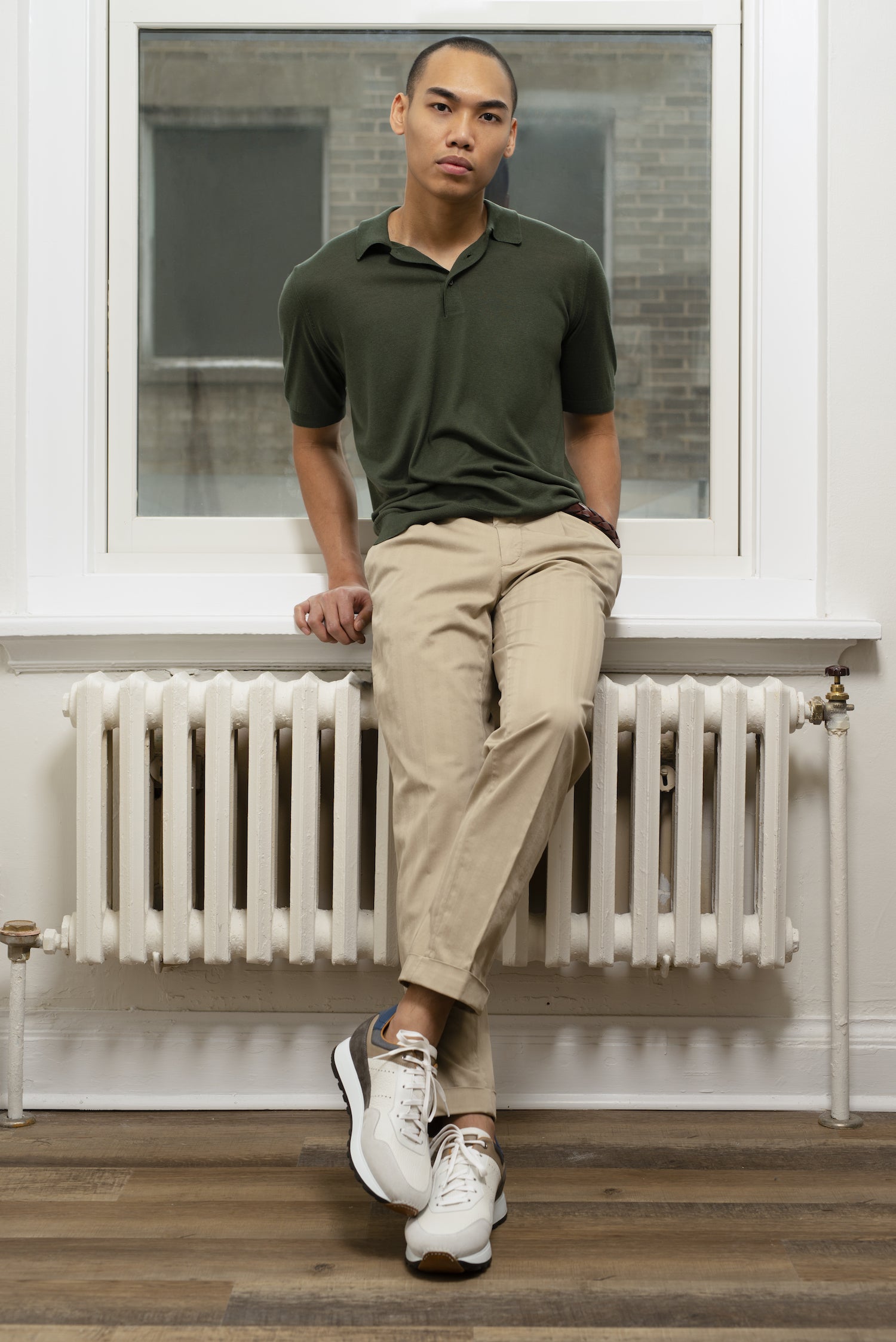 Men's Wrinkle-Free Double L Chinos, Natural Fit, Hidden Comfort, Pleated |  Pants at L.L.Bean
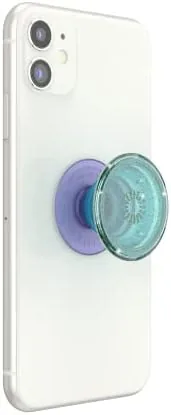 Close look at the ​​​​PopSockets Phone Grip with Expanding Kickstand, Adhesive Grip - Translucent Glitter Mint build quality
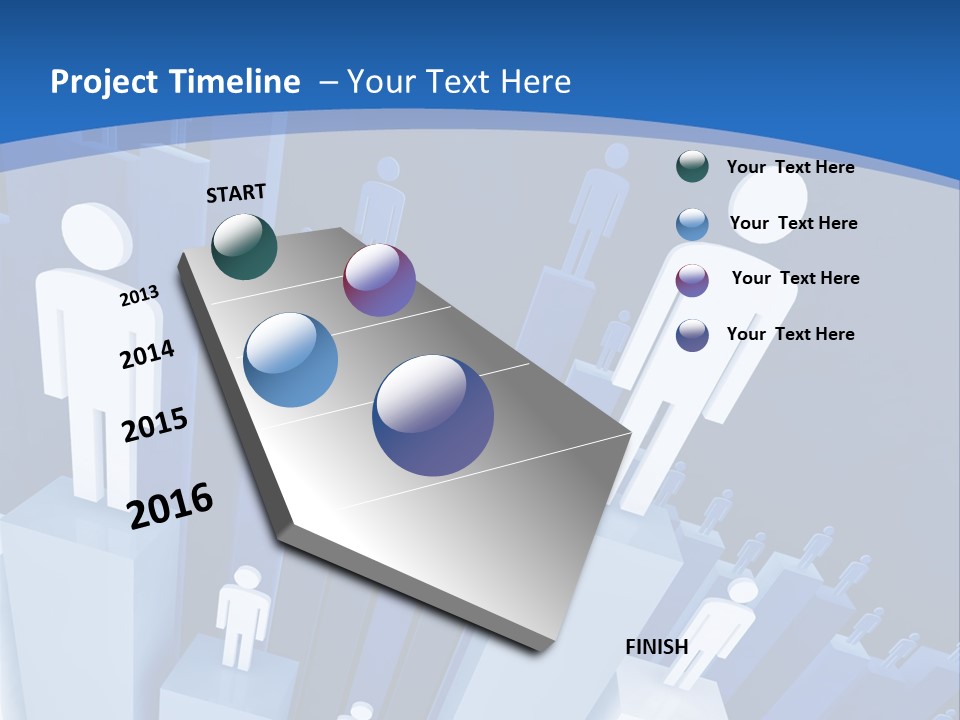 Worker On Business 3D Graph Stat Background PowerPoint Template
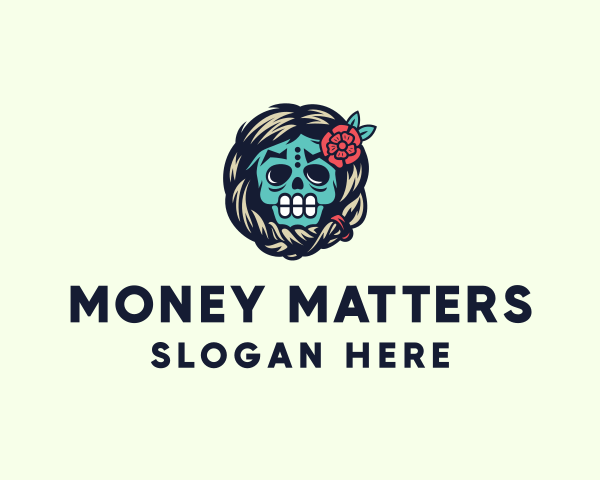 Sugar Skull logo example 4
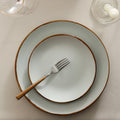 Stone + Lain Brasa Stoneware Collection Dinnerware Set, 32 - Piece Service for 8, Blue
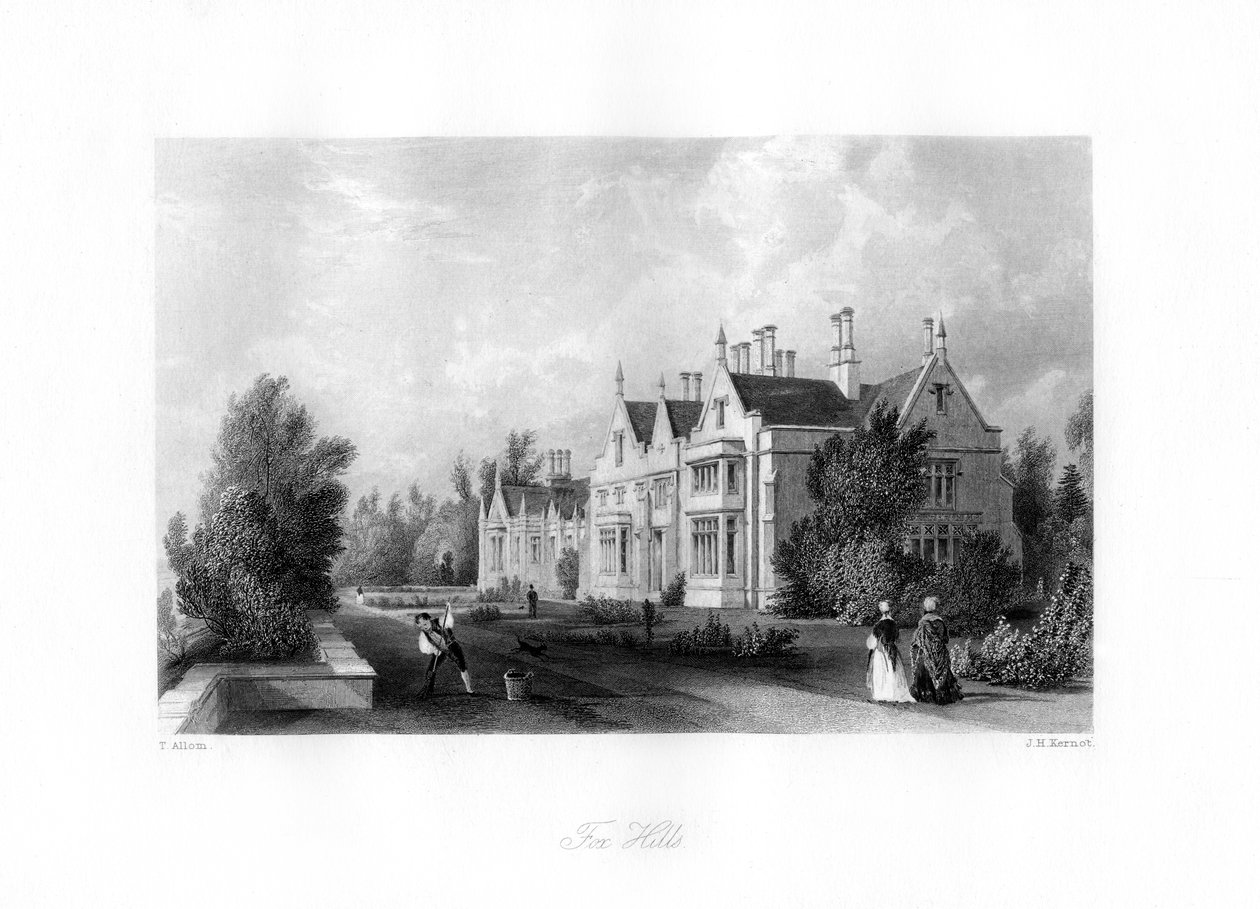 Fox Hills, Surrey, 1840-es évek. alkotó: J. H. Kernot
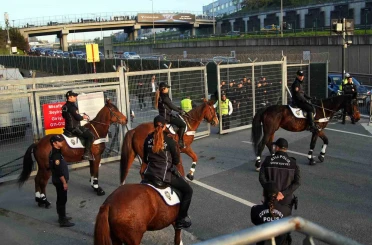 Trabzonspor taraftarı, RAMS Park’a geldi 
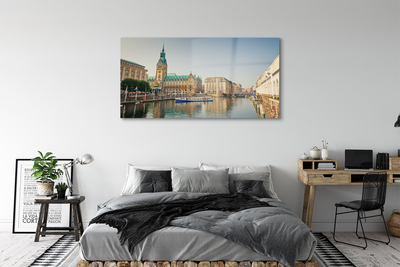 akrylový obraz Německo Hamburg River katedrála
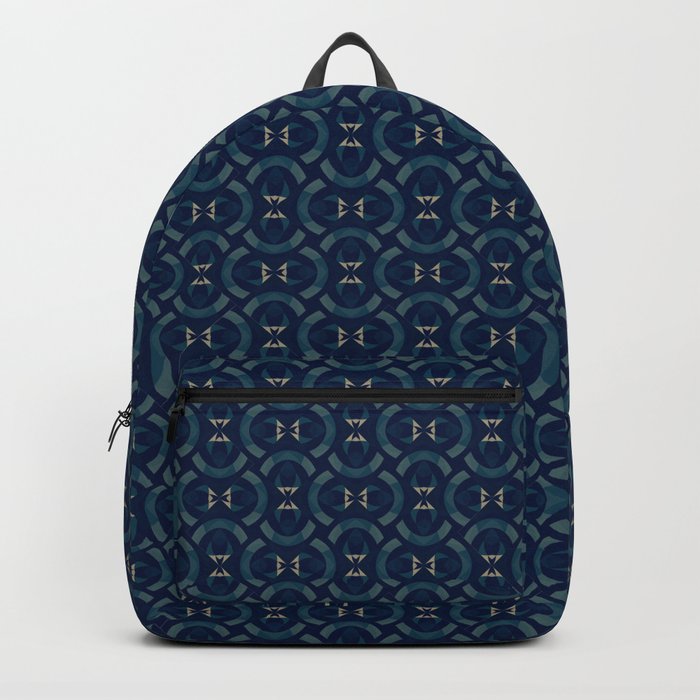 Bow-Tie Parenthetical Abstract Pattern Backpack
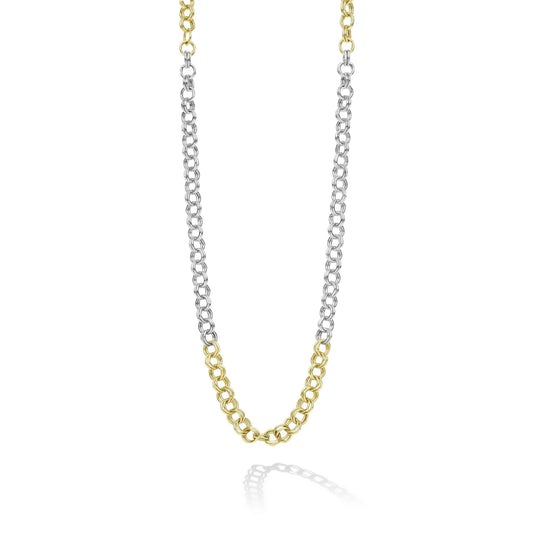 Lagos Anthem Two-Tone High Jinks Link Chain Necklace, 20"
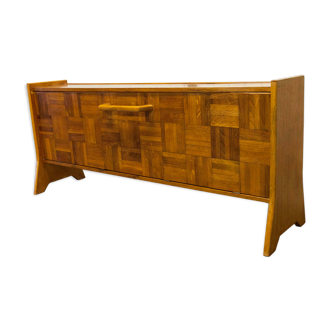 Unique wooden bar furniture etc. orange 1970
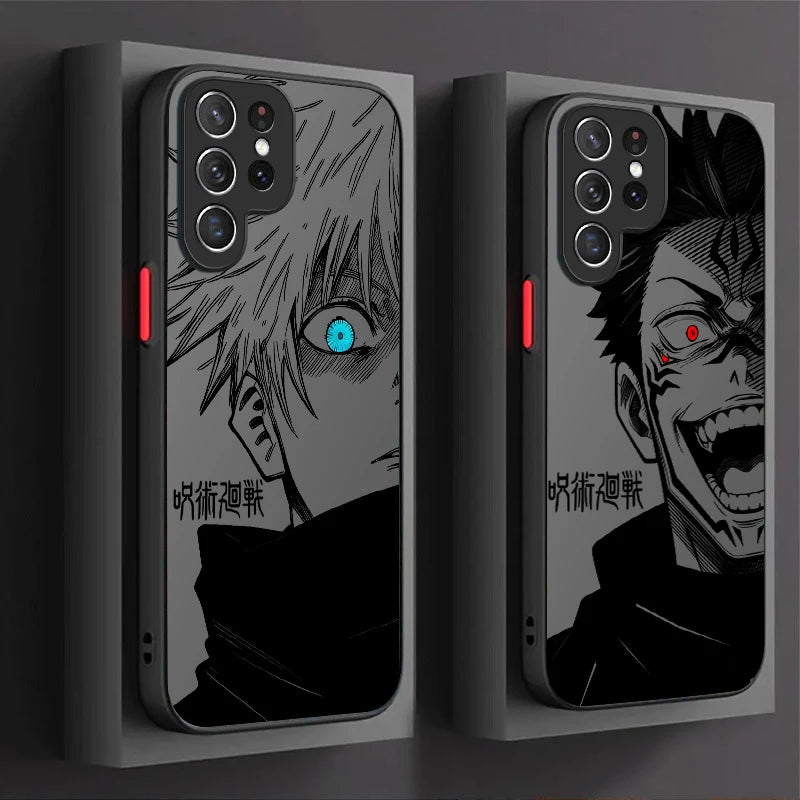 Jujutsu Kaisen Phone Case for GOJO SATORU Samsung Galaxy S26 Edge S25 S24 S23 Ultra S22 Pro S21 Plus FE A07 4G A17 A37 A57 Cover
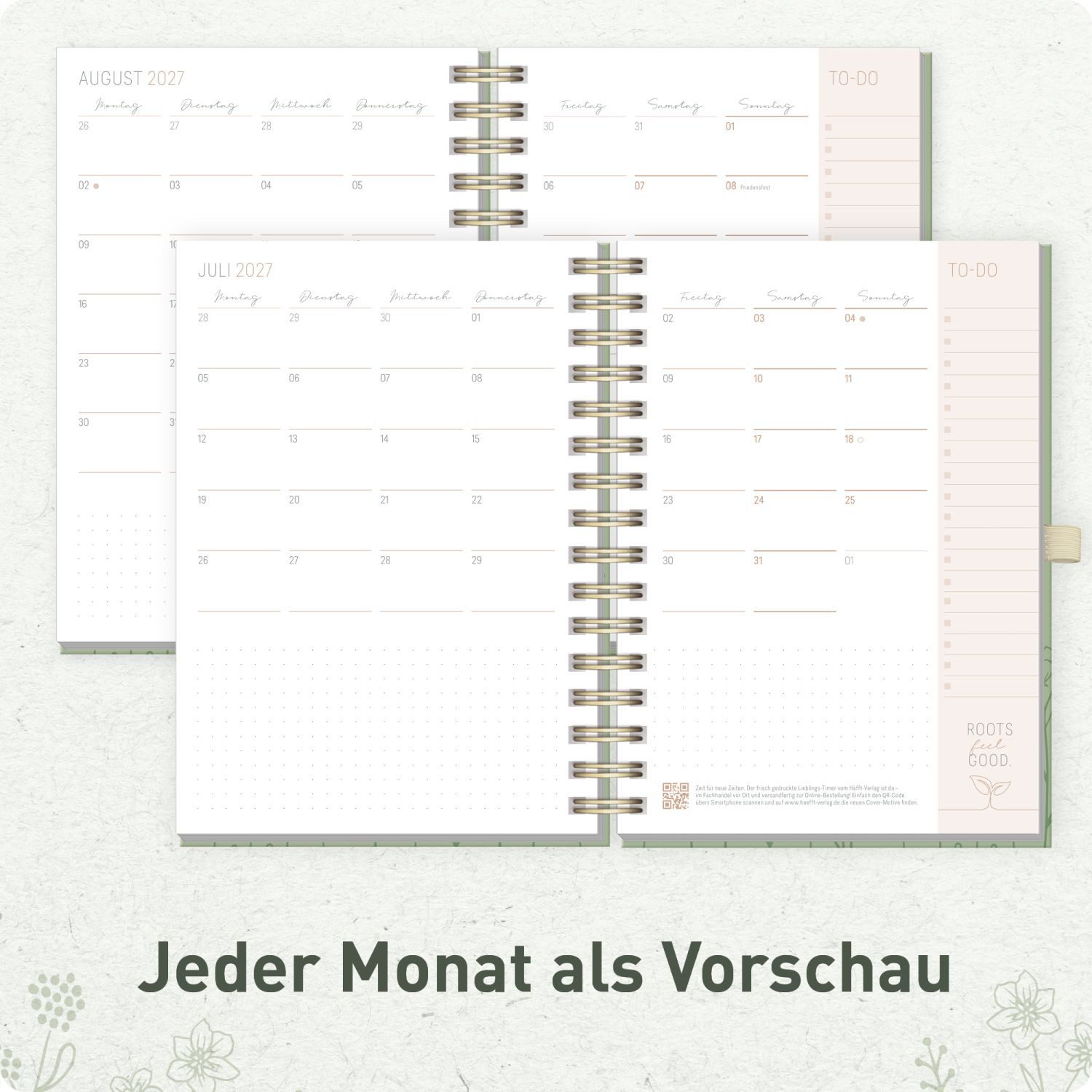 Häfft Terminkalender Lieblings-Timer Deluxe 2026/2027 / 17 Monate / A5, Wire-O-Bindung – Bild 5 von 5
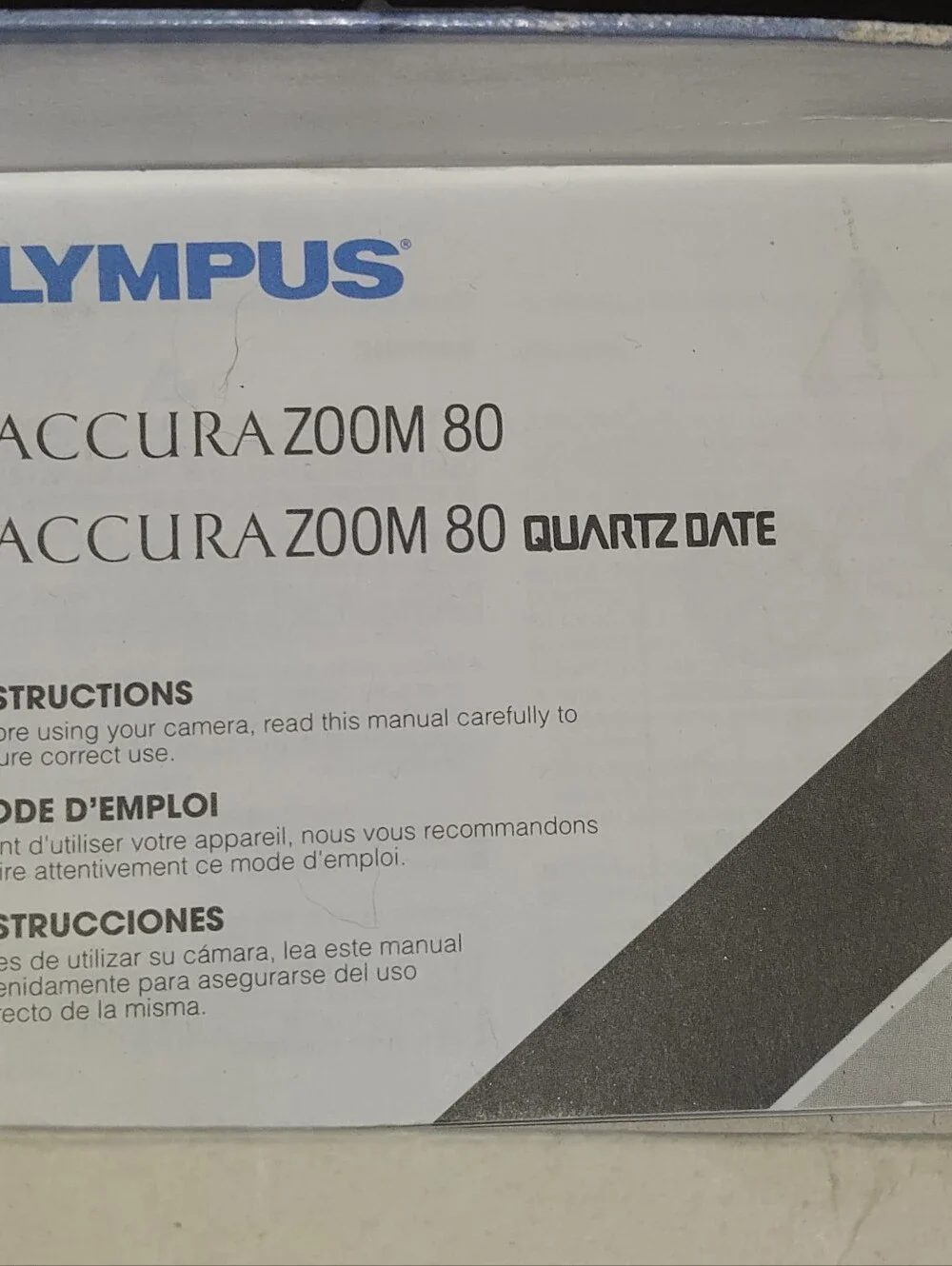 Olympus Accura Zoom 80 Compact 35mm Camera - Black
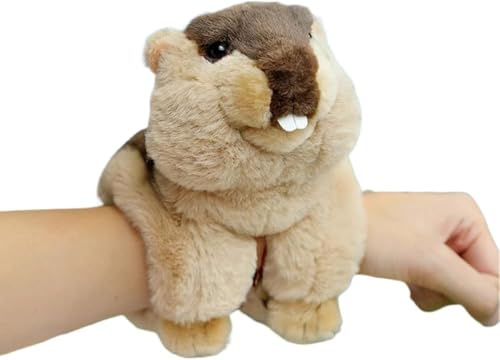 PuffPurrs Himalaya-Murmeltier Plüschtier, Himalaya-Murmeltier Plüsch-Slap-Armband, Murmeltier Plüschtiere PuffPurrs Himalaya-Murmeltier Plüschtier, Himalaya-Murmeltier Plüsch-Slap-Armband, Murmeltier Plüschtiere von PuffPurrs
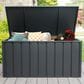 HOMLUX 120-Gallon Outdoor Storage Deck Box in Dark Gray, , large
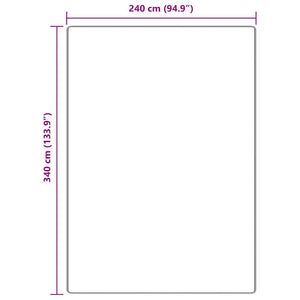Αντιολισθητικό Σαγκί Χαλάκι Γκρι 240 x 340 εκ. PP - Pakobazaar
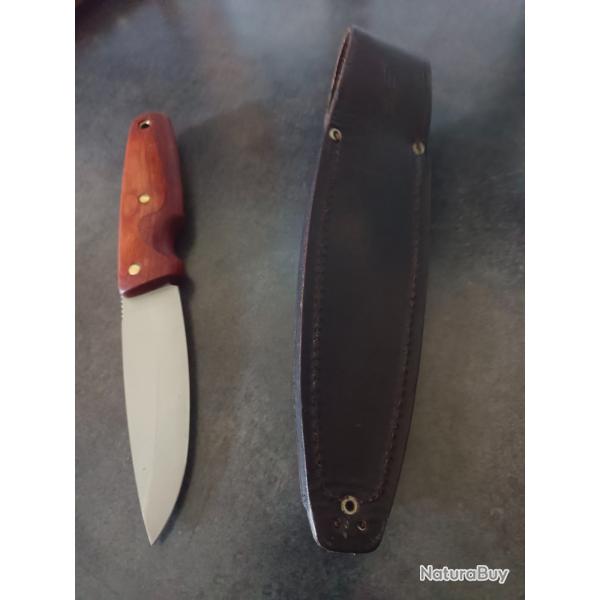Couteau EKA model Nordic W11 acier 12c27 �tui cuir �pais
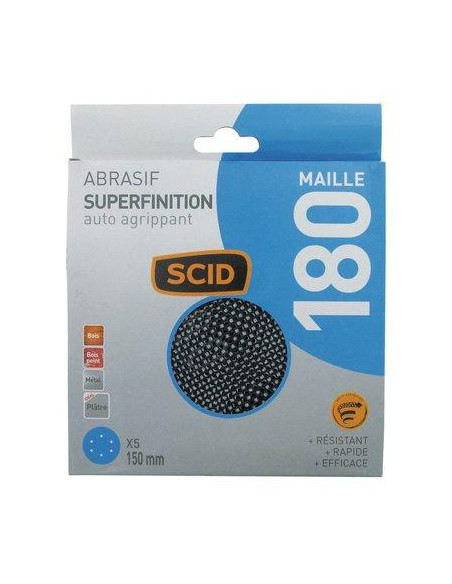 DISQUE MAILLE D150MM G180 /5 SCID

○ ○ ○ ○

| WORK TO BE COMPLETED |
Copy out only the lines from the one containing "Jujutsu Kaisen Phone" to the end of the entries, unchanged. Drop the pictures.

| COMPLETED EXERCISE |
 Jujutsu Kaisen Phone Case for GOJO SATORU Samsung Galaxy S26 Edge S25 S24 S23 Ultra S22 Pro S21 Plus FE A07 4G A17 A37 A57 Cover
 Häfft Terminkalender Lieblings-Timer Deluxe 2026/2027 / 17 Monate / A5, Wire-O-Bindung – Bild 5 von 5
 Olympus Accura Zoom 80 Compact 35mm Camera - Black
 PuffPurrs Himalaya-Murmeltier Plüschtier, Himalaya-Murmeltier Plüsch-Slap-Armband, Murmeltier Plüschtiere PuffPurrs Himalaya-Murmeltier Plüschtier, Himalaya-Murmeltier Plüsch-Slap-Armband, Murmeltier Plüschtiere von PuffPurrs
 HOMLUX 120-Gallon Outdoor Storage Deck Box in Dark Gray, , large
Αντιολισθητικό Σαγκί Χαλάκι Γκρι 240 x 340 εκ. PP - Pakobazaar
Couteau EKA model Nordic W11 acier 12c27 �tui cuir �pais
 DISQUE MAILLE D150MM G180 /5 SCID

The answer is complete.